World Aviation Defense & Security News - Russia
Russia activates new strategic bomber air division in Eastern Military District
Russia is finalizing the activation of a second heavy bomber air division to be stationed in the east of the country, according to the Izvestia daily. The mission of the new large unit operating Tupolev Tu-95MS (NATO reporting name: Bear-H) strategic and Tu-22M3 (Backfire-C) long-range cruise missile-carrying bombers will include patrolling the Pacific in the vicinity of Japan, Hawaii and Guam.
Russia activates new strategic bomber ai division in Eastern Military District 640 001A RuAF Tu-95MS strategic bomber
In expert opinion, the activation of the new air division will highlight Russia’s earnest eastward aspiration to the countries in the Pacific and the United States.

The division has almost been formed, says a Defense Ministry official close to the matter.

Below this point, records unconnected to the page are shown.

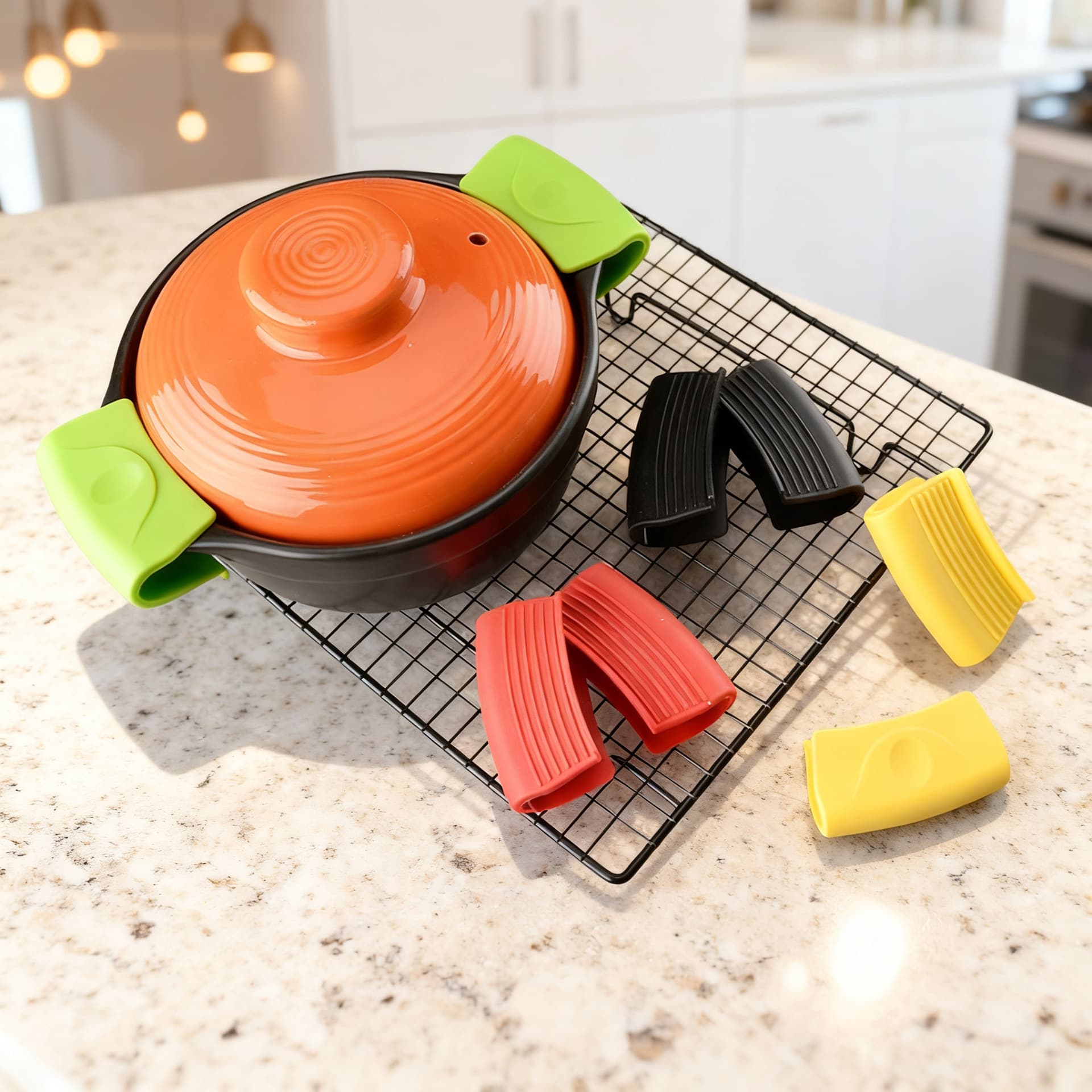 Creative Silicone Heat Resistant Cast Iron Pot Handle Clamp Modern Simple Style Kitchen Tool Pure Color Non-Patented Item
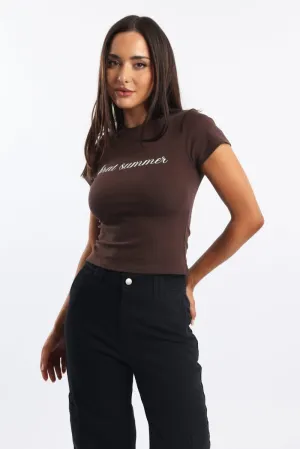 Brown Graphic Tee Short Sleeve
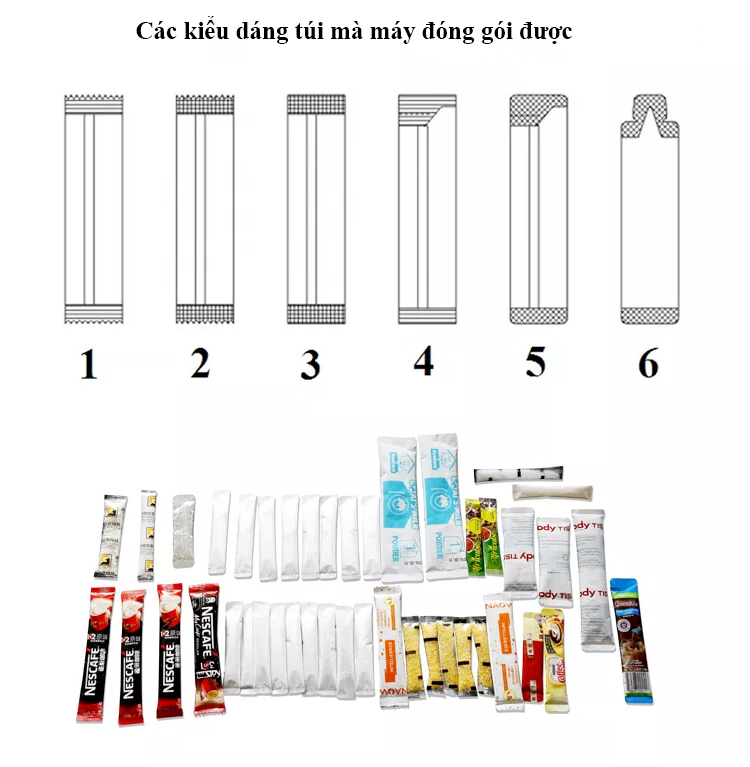 Các kiểu dáng túi mà máy đóng gói nhiều làn đóng gói được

The unit consists of several long-range bomber squadrons stationed in the Eastern and Central Military Districts.

The Far Eastern Heavy Bomber Air Division shall be the second of the kind in the Russia Aerospace Force (RusAF). Last year, the RusAF formed the 22nd Heavy Bomber Air Division on the Tu-160 (Blackjack) and Tu-95MS strategic and Tu-22M3 long-range bombers stationed at Mozdok, Engels and Shaikovka AFBs.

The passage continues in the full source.